Die kompositorische Strömung des Neoklassizismus beschränkt sich nicht auf Rückgriffe auf die Wiener Klassik, in besonderem Maße typisch sind Elemente des Barock (worauf mit dem Terminus Neobarock[4] hingewiesen wird), aber auch Vorbilder aus der romantischen Epoche werden verarbeitet. Als Adjektiv wird manchmal „neoklassisch“ statt neoklassizistisch verwendet.

Der Begriff „Neoklassizismus“ wird sehr unterschiedlich verwendet und ist daher tendenziell mehrdeutig.[5] Auch Arnold Schönbergs atonale zwölftönige Werke orientieren sich oft an klassischen Formen.

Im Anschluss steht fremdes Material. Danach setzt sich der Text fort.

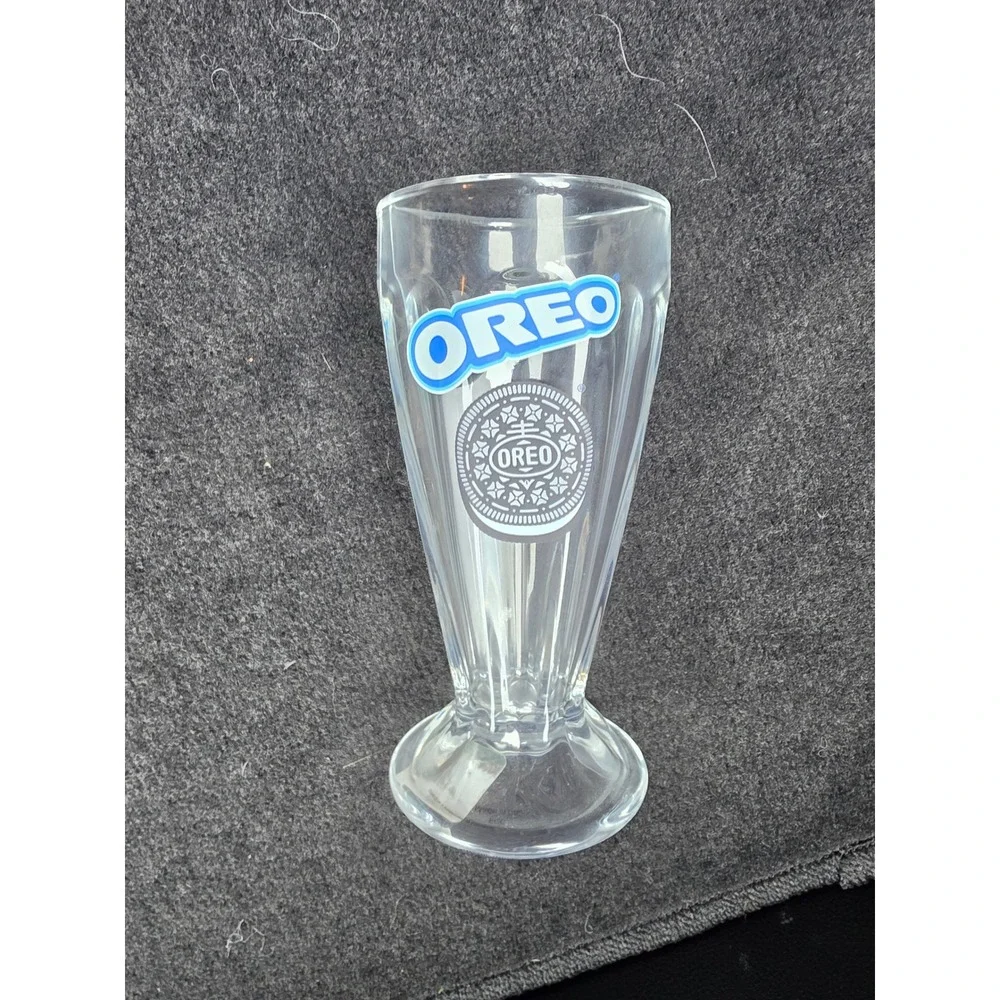 Oreo Milkshake Glass Blue Logo Cookie Graphic Clear Soda Fountain Pedestal Cup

Mitunter werden fast sämtliche wesentliche kompositorische Leistungen der Zeit von 1918 bis 1945 als neoklassizistisch charakterisiert, mit Ausnahme insbesondere von Edgard Varèse.[6]

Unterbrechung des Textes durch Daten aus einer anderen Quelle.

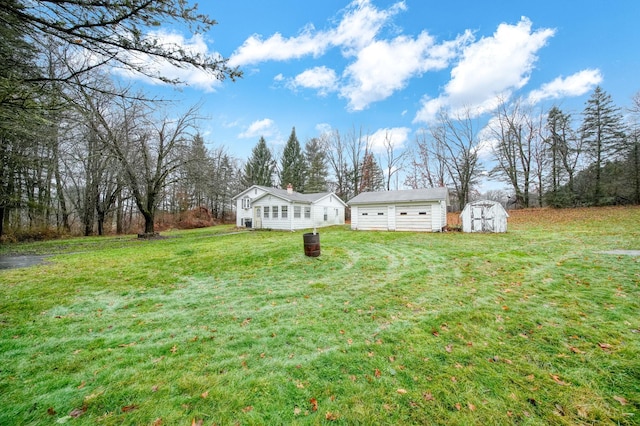 view of yard featuring a storage shed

Verglichen mit atonalem Neoklassizismus war der „neotonale“ wie bei Igor Strawinsky, Paul Hindemith, Alfredo Casella oder der Groupe des Six (Georges Auric, Louis Durey, Arthur Honegger, Darius Milhaud, Francis Poulenc, Germaine Tailleferre) weitaus verbreiteter.[7] Im Laufe der Zeit wurde öfter der Begriff „Neoklassizismus“ in Abgrenzung zur „neuen Musik“ pejorativ verwendet, um damit Zugehörigkeit zu einer veralteten Ästhetik zum Ausdruck zu bringen.[8]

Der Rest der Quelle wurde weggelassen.